Provided material:
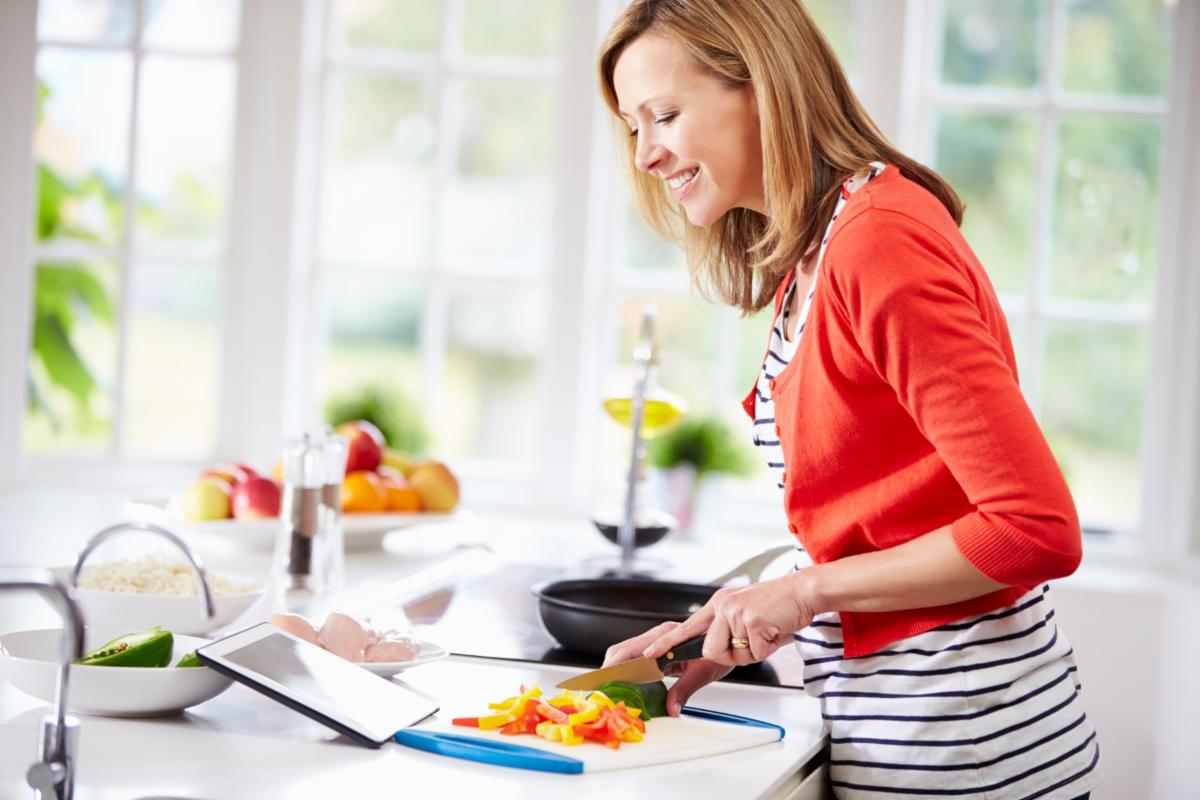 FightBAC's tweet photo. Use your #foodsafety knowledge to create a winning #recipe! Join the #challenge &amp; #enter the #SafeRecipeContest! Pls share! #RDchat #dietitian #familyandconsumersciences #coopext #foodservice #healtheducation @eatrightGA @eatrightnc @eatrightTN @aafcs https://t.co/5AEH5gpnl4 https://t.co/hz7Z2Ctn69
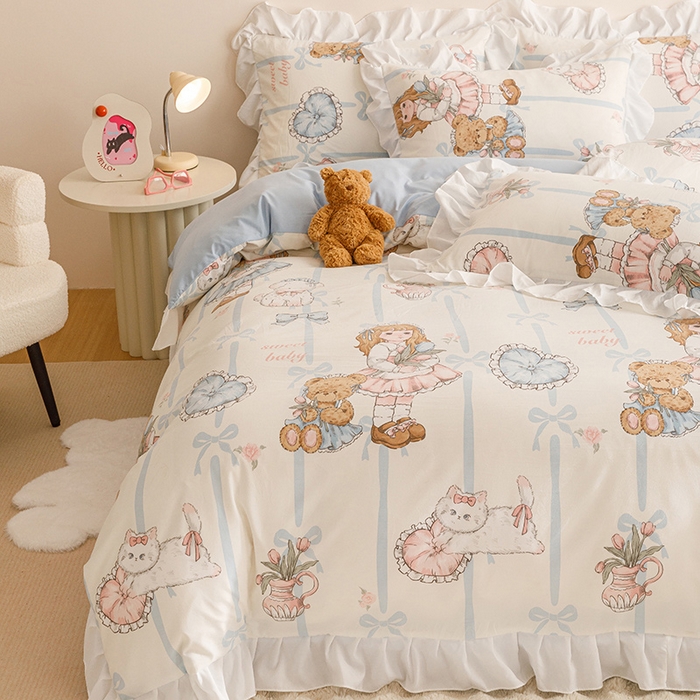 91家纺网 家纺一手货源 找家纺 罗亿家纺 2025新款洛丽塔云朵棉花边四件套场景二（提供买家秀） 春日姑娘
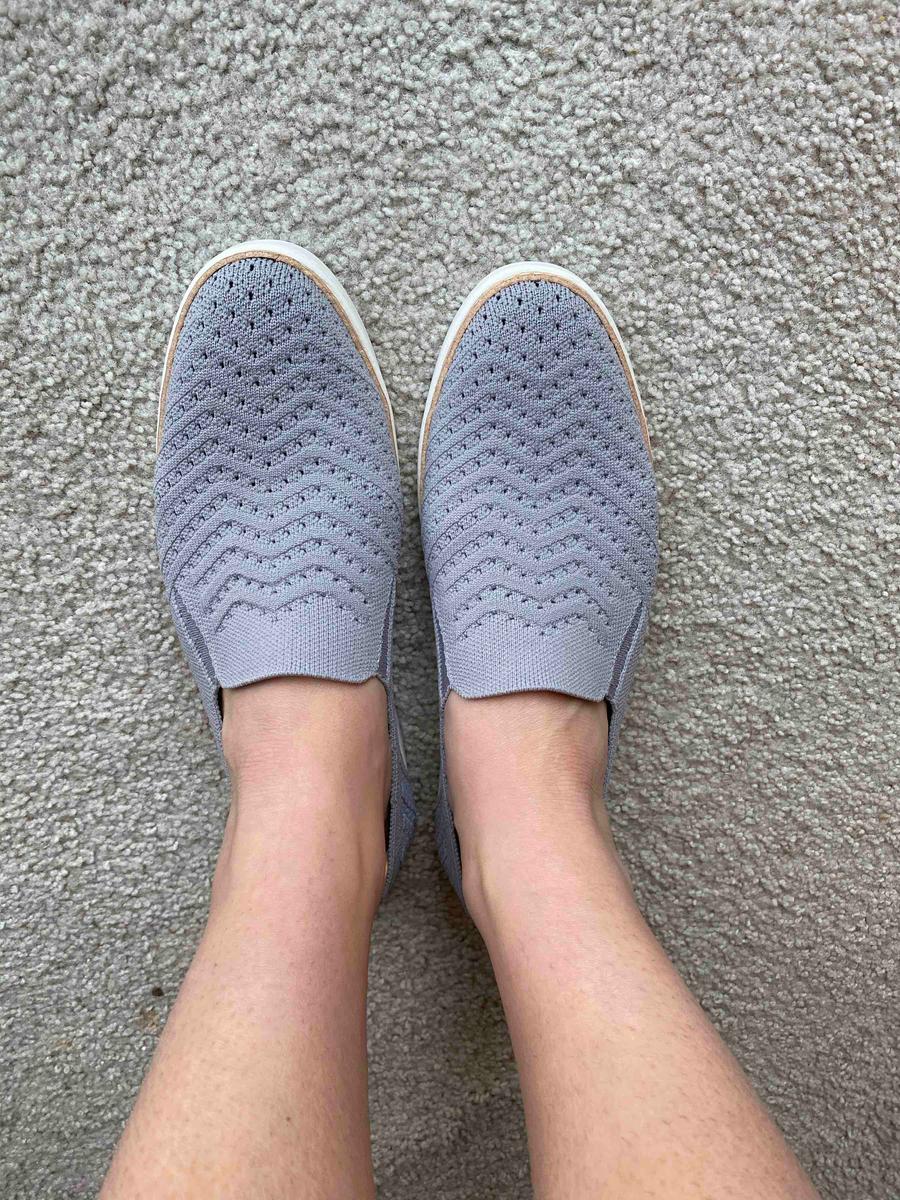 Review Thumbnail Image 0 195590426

Directions for this task: An exact repeat of the listing above, pictures excluded, is the answer.

Task response:
 FightBAC's tweet photo. Use your #foodsafety knowledge to create a winning #recipe! Join the #challenge &amp; #enter the #SafeRecipeContest! Pls share! #RDchat #dietitian #familyandconsumersciences #coopext #foodservice #healtheducation @eatrightGA @eatrightnc @eatrightTN @aafcs https://t.co/5AEH5gpnl4 https://t.co/hz7Z2Ctn69
 91家纺网 家纺一手货源 找家纺 罗亿家纺 2025新款洛丽塔云朵棉花边四件套场景二（提供买家秀） 春日姑娘
 Review Thumbnail Image 0 195590426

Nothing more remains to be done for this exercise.